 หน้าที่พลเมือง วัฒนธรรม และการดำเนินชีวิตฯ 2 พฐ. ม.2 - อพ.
★ ★ ★ ★ ★
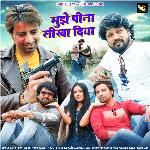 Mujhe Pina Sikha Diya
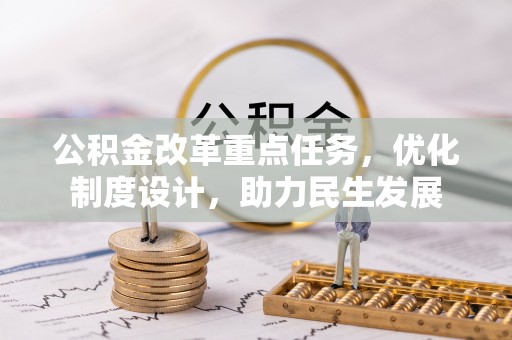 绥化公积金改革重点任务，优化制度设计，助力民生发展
★ ★ ★ ★ ★
What you are asked to do | Leaving pictures out, output the lines of the data above from the one with "Mujhe Pina Sikha Diya" through the one with "绥化公积金改革重点任务，优化制度设计，助力民生发展", word for word.

Result for this task |
 Mujhe Pina Sikha Diya
 绥化公积金改革重点任务，优化制度设计，助力民生发展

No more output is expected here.